If $F(s)$ is the Laplace transform of $f(t)$, then
\begin{aligned}\mathcal{L}\left[e^{-a t} f(t)\right] &=\int_{0}^{\infty} e^{-a t} f(t) e^{-s t} d t \\&=\int_{0}^{\infty} f(t) e^{-(s+a) t} d t=F(s+a)\end{aligned}
or
$$\bbox[10px,border:1px solid grey]{\mathcal{L}\left[e^{-a t} f(t)\right]=F(s+a) }\tag{1}$$
That is, the Laplace transform of $e^{-a t} f(t)$ can be obtained from the Laplace transform of $f(t)$ by replacing every $s$ with $s+a$. This is known as frequency shift or frequency translation.

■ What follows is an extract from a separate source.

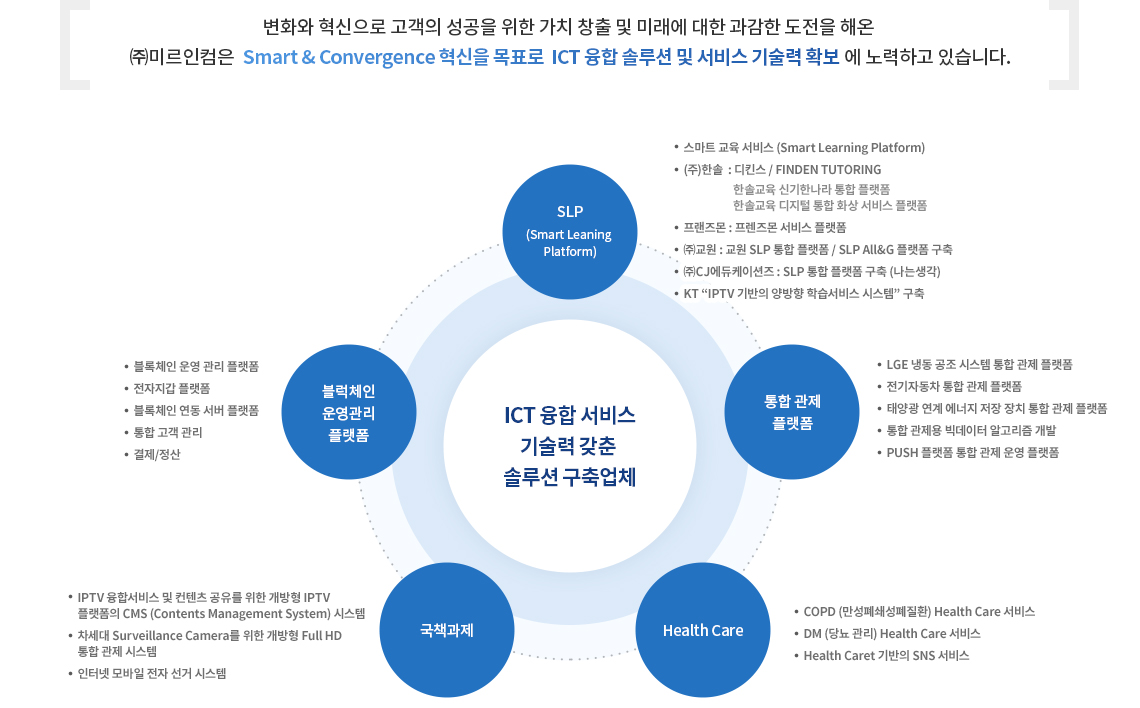 사업목표 이미지 리터칭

As an example, we know that and
$$\cos \omega t \quad \Longleftrightarrow \quad \frac{s}{s^{2}+\omega^{2}}$$
$$\sin \omega t \quad \Longleftrightarrow \quad \frac{\omega}{s^{2}+\omega^{2}}$$
Using the shift property in Eq. (1), we obtain the Laplace transform of the damped sine and damped cosine functions as
\begin{aligned}\mathcal{L}\left[e^{-a t} \cos \omega t\right] &=\frac{s+a}{(s+a)^{2}+\omega^{2}} \\\mathcal{L}\left[e^{-a t} \sin \omega t\right] &=\frac{\omega}{(s+a)^{2}+\omega^{2}}\end{aligned}